Job Monitoring

With our web-based job monitoring system (ClusterCockpit), you can easily monitor and analyze the performance of your jobs on the Elysium HPC system. For a quick performance check, see Metrics to Check; for an in-depth analysis, refer to the HPC-Wiki. For details on the web interface, consult the official documentation.

Login

To access the job monitoring system, use your RUB LoginID and corresponding password as credentials. JobMon Login Page JobMon Login Page

Overview

After logging in successfully, you will see the “Clusters” overview, which displays the total number of jobs you have run and the current number of jobs running on the cluster. At present, this information includes only the Elysium cluster. You can continue from here, either by going to the total jobs overview, or the running jobs overview. Alternatively, you can click on “My Jobs” in the top left of the page, or search for job names/ids in the top right of the page. JobMon Landing Page JobMon Landing Page

My Jobs

The “My Jobs” page displays a list of your jobs, fully customizable to your requirements. Use the menus in the top left corner to sort or filter the list, and select the metrics you want to display for your jobs. Below, you’ll find a detailed table with job IDs, names, and your selected metrics.

MyJobs Page MyJobs Page

Job Details

This page is split into three sections. The first one shows general information: JobInfo, a footprint and a roofline diagram that shows how efficiently the job utilized the hardware.
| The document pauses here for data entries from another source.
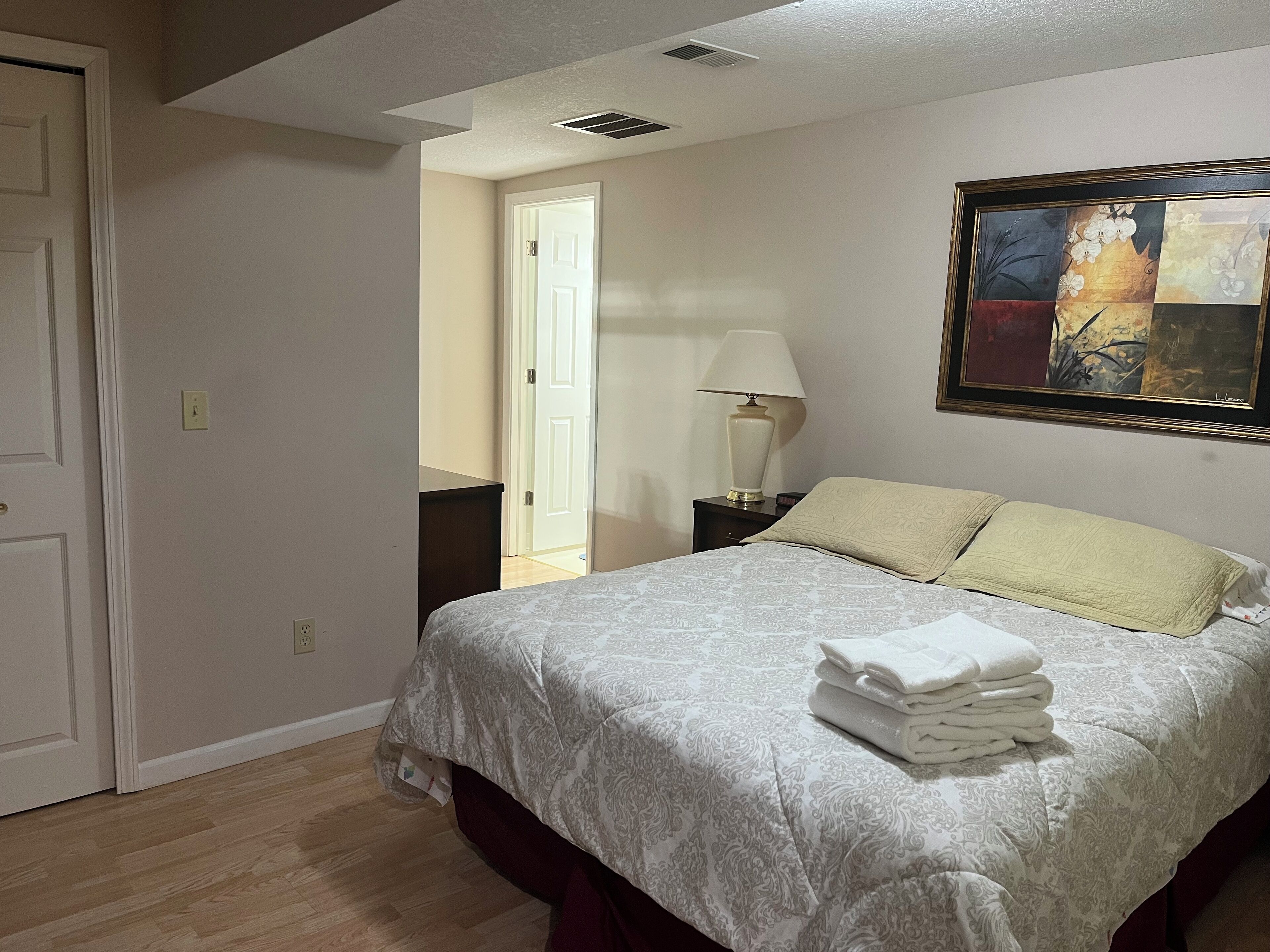 Un dormitorio con cama, mesita de noche, lámpara y un cuadro en la pared.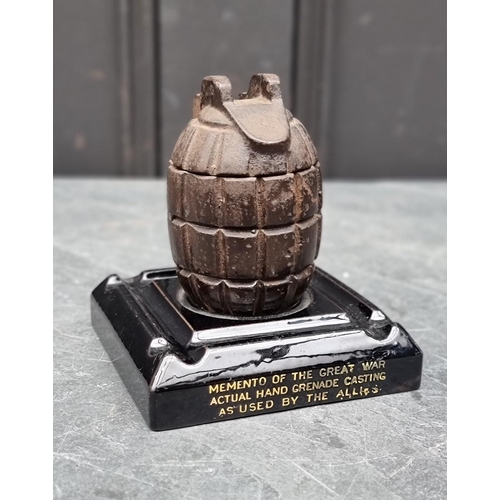 258 - A WWI novelty grenade inkwell, the pottery base inscribed 'Memento Of The Great War - Actual Hand Gr... 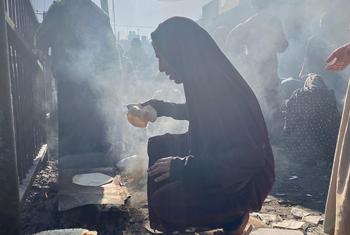 Displaced Palestinians gather near a shelter run by the UN agency for Palestinian refugees (UNRWA) in the Nuseirat area of ​​central Gaza.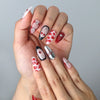 Close-up of glossy red press-on nails featuring bold lip motifs and girly ribbon designs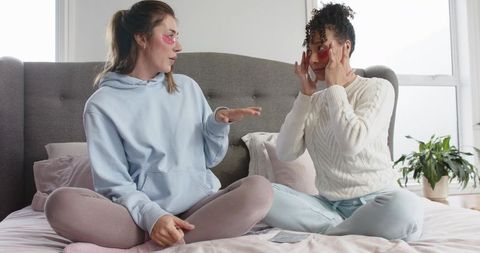 Friends applying under-eye patches on bed during cozy at-home skincare session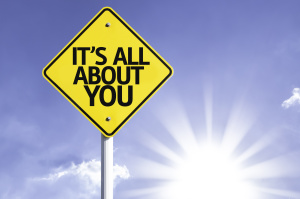 It's All About You road sign with sun background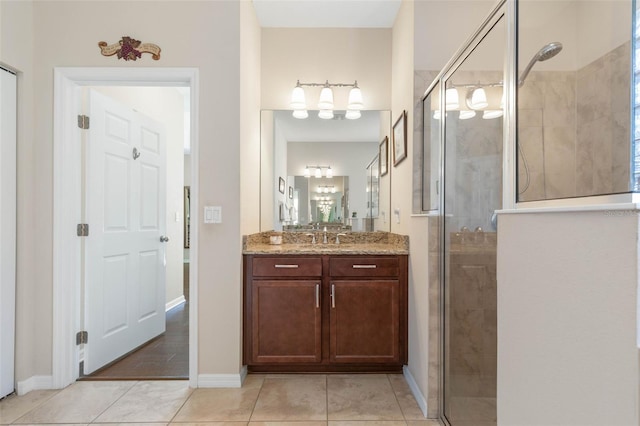 bathroom featuring walk in shower, vanity, and tile patterned flooring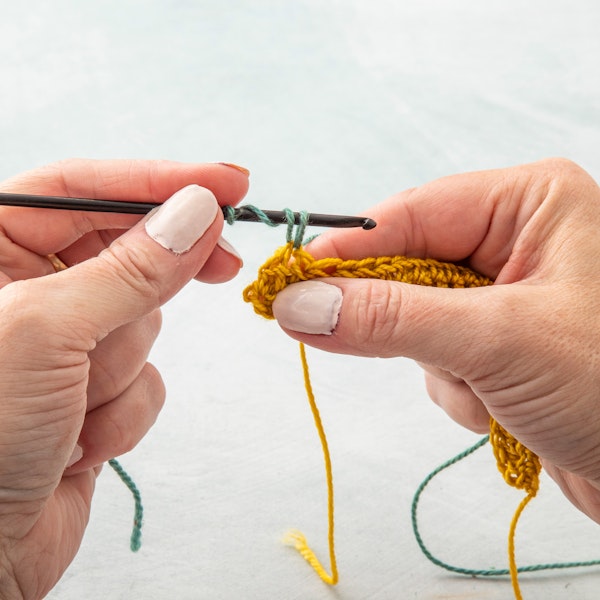 Step 4. Pull loop through work and up to the required height to match the height of the row or round.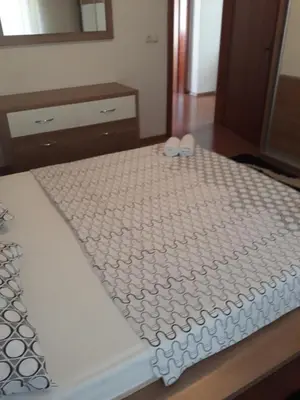 a bed with two white slippers on top of it at Apartman Anita in Livno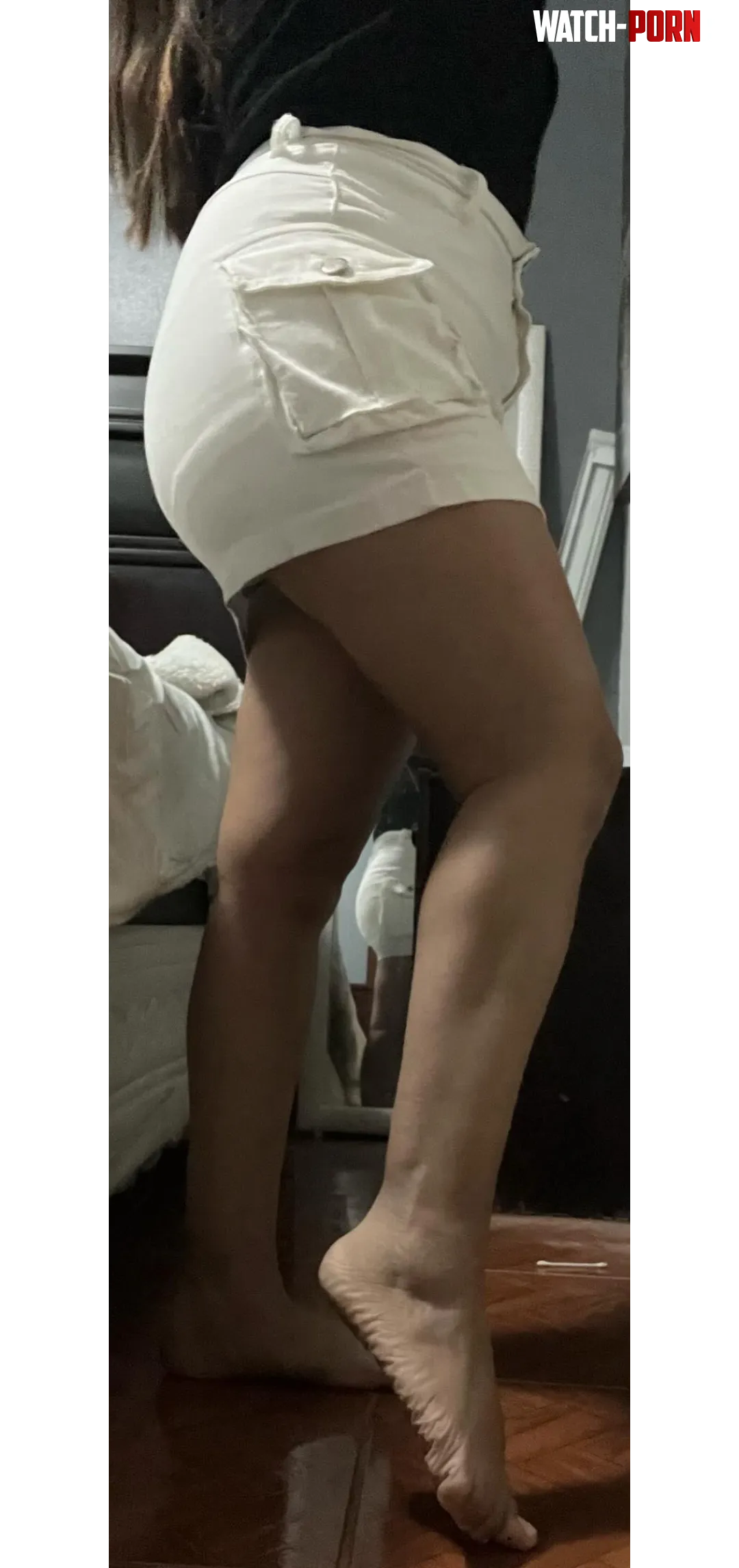 Latina with a miniskirt arching her tiny feet. Is there anything better by CatalinaBustamante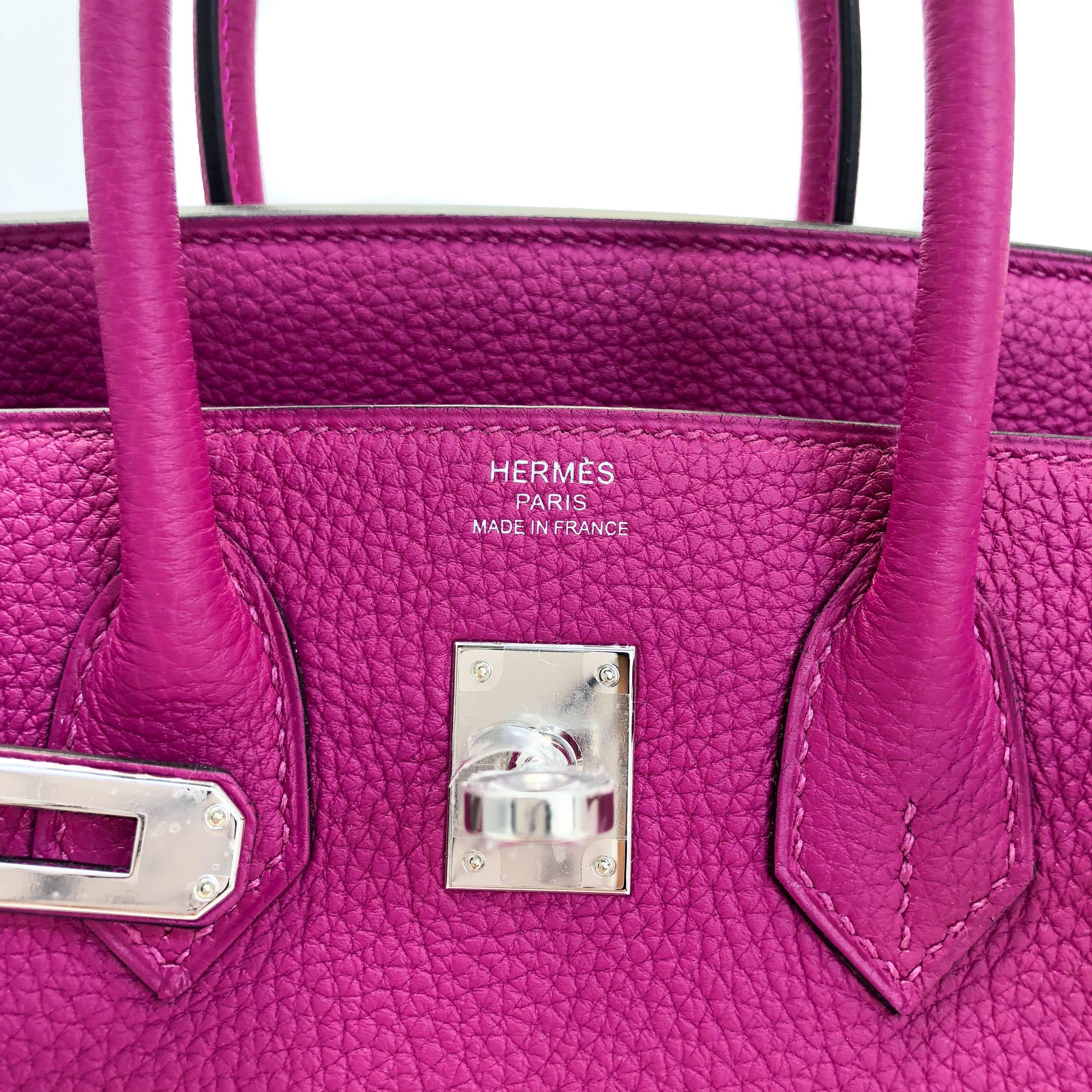 An iconic bag in an unforgettable colour. This Hermes This Birkin 25 Rouge Pourpre with Palladium Hardware is guaranteed to catch attention with its adorable size and classic construction. Guaranteed 100% authentic.

100% authentic: Birkin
Note that the footprint is only updated every 10 minutes and the energy footprint is generated after the job finished.

In the next section some metrics are shown as diagrams. For some of the diagrams you can choose the scope, i.e. core, socket or node. The shown metrics and their order can be customized with the “Select Metrics” menu. This selection is saved per partition. Double-click the graph to zoom out if the scale is too small.

The last section displays selected metrics in a numerical way, lets you inspect your job script, and shows more detail about the job allocation an runtime parameters.

Job Page Job Page Job Page Job Page Job Page Job Page Job Page Job Page

Metrics

The following table shows the metrics which are available for jobs on Elysium:

Metric name Meaning Meaningful for shared jobs
CPU
cpu_load Load on the node (processes/threads requesting CPU time) No
cpu_load_core Load on CPU cores of a job (processes/threads per core) Yes
cpu_user Percentage of CPU time spent as user time for each CPU core Yes
clock Frequency of the CPU cores of the job Yes (affected by other jobs)
ipc Instructions per cycle Yes
flops_any Floating-point operations performed by CPU cores Yes
core_power Power consumption of individual CPU cores Yes
Memory
mem_bw Memory bandwidth No (full socket only)
mem_used Main memory used on the node No
disk_free Free disk space on the node No
GPU
nv_compute_processes Number of processes using the GPU Yes
acc_mem_used Accelerator (GPU) memory usage Yes
acc_mem_util Accelerator (GPU) memory utilization Yes
acc_power Accelerator (GPU) power usage Yes
acc_utilization Accelerator (GPU) compute utilization Yes
Filesystem
lustre_write_bw /lustre write bandwidth No
lustre_read_bw /lustre read bandwidth No
lustre_close /lustre file close requests No
lustre_open /lustre file open requests No
lustre_statfs /lustre file stat requests No
io_reads Local Disk I/O read operations No
io_writes Local Disk I/O write operations No
nfs4_close /home + /cluster file close requests No
nfs4_open /home + /cluster file open requests No
nfsio_nread /home + /cluster I/O read bandwidth No
nfsio_nwrite /home + /cluster I/O write bandwidth No
Network
ib_recv Omnipath receive bandwidth No
ib_xmit Omnipath transmit bandwidth No
ib_recv_pkts Omnipath received packets/s No
ib_xmit_pkts Omnipath transmitted packets/s No
net_bytes_in Ethernet incoming bandwidth No
net_bytes_out Ethernet outgoing bandwidth No
net_pkts_in Ethernet incoming packets/s No
net_pkts_out Ethernet outgoing packets/s No
NUMA Nodes
numastats_numa_hit NUMA hits No
numastats_numa_miss NUMA misses No
numastats_interleave_hit NUMA interleave hits No
numastats_local_node NUMA local node accesses No
numastats_numa_foreign NUMA foreign node accesses No
numastats_other_node NUMA other node accesses No
Node metrics
node_total_power Power consumption of the whole node No

Metrics to Check

For a quick performance analysis, here are some key metrics to review:

  • cpu_user: Should be close to 100%. Lower values indicate system processes are using some of your resources.
  • flops_any: Measures calculations per second. On Elysium, a typical CPU node averages around 400 GFLOPS.
  • cpu_load_core: Should be 1 at most for non-OpenMP jobs. Higher values suggest oversubscription.
  • ipc: Instructions executed per cycle. Higher values indicate better efficiency.
  • mem_bw: Memory bandwidth, maxing out at 350 GByte/s. Only meaningful if the node isn’t shared or your job uses a full socket.
  • acc_utilization: GPU compute utilization. Aim for high percentages (e.g., above 80%) to ensure efficient GPU usage.

Known Problems

Occasionally, an orange box labeled “No dataset returned for <metric>” may be shown instead of the graph. This occurs when the ClusterCockpit service was unable to collect the metrics during your job. Job Page Job Page Note that jobs that ran before March 12th 2025 may report missing or incorrect data in some cases.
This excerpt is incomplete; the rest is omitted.